The task: Give back exactly the lines from the one that holds "I'm Mark Lonergan" through the final line of the data; omit the pictures and add nothing.

Source information:
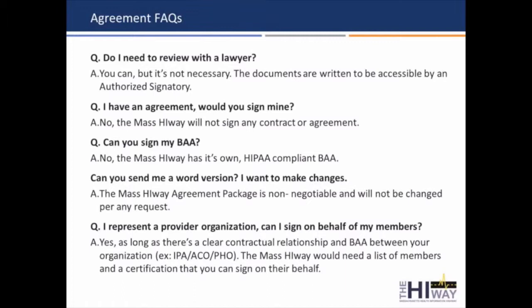The big questions around the agreement are about the Mass HIway altering the documents or signing documents that a participant requests. The answer is always going to be no — we can't change the agreement or sign another agreement or a BAA. I consider this a good thing because such a negotiation would certainly add a ton of time to the process of getting you connected. You can absolutely review these documents with an attorney, but you don't necessarily have to — they're written to be accessible to your authorized signatory. The agreement package primarily outlines that the Mass HIway needs to be used in a safe and ethical manner, with the main purpose of protecting the patient and protecting that trust community. It's not written to be a barrier.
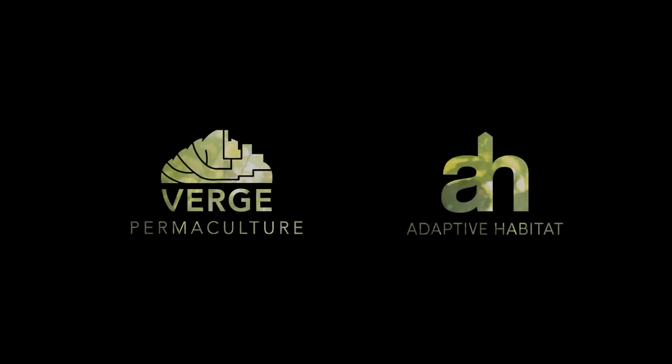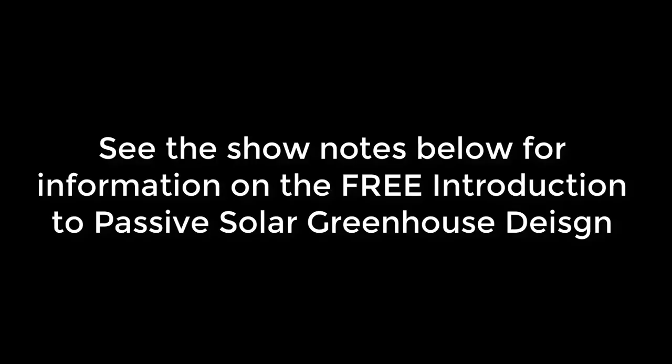So thanks so much for watching this guys. I hope that you found that useful. If you have any questions about passive solar greenhouses, leave them in the comments below. Have a great day. Thank you.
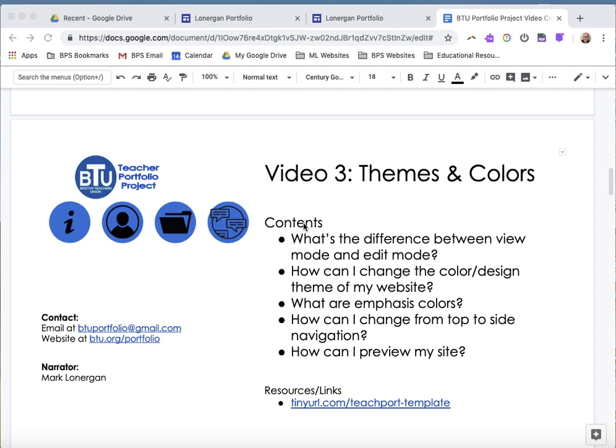I'm Mark Lonergan and this is video number three in the Boston Teachers Union Teacher Portfolio Project. This video is going to talk about themes and colors, how to adjust them for your own template to make it more customized. We're going to talk about the difference between view and edit mode, how to change the color and design, emphasis colors, how to change the navigation from the top to the side, and how to preview the site before we publish it.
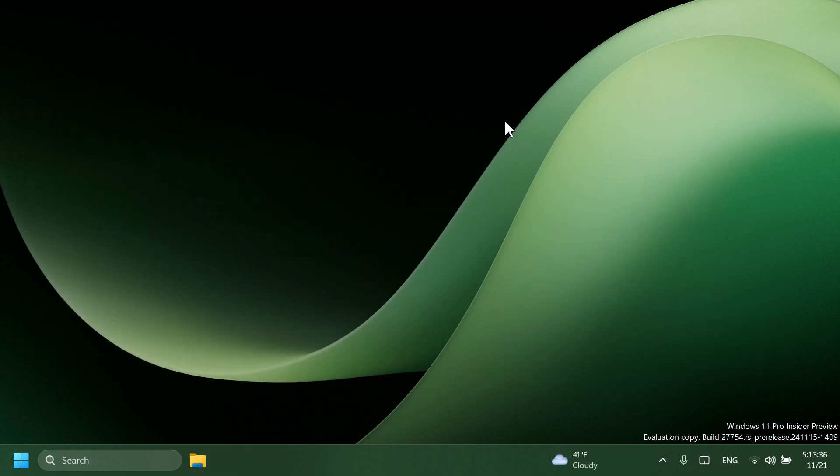Related to the taskbar and system tray, Microsoft fixed an issue on secondary monitors for left-aligned taskbar users where the widget's text in the taskbar might overlap the date and time.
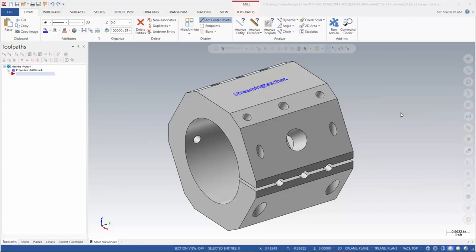Here we're going to be taking a look at a very useful feature in Mastercam called Hole Axis. What this is going to do is it's going to create geometry, both lines, arcs, and points, based upon the axis of a hole. This works really well if you're doing anything that's remotely related to four and five axis or multi-axis programming.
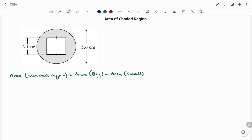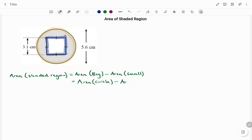In the second example, I have a circle with a square embedded inside it. To find the area of the shaded region, we use the area of the big shape minus the area of the small shape — that's the area of the circle minus the area of the square. The formula for the circle is pi r squared, and the formula for the square is side squared.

Answer to the exercise:
I'm Mark Lonergan and this is video number three in the Boston Teachers Union Teacher Portfolio Project. This video is going to talk about themes and colors, how to adjust them for your own template to make it more customized. We're going to talk about the difference between view and edit mode, how to change the color and design, emphasis colors, how to change the navigation from the top to the side, and how to preview the site before we publish it.
Related to the taskbar and system tray, Microsoft fixed an issue on secondary monitors for left-aligned taskbar users where the widget's text in the taskbar might overlap the date and time.
Here we're going to be taking a look at a very useful feature in Mastercam called Hole Axis. What this is going to do is it's going to create geometry, both lines, arcs, and points, based upon the axis of a hole. This works really well if you're doing anything that's remotely related to four and five axis or multi-axis programming.
In the second example, I have a circle with a square embedded inside it. To find the area of the shaded region, we use the area of the big shape minus the area of the small shape — that's the area of the circle minus the area of the square. The formula for the circle is pi r squared, and the formula for the square is side squared.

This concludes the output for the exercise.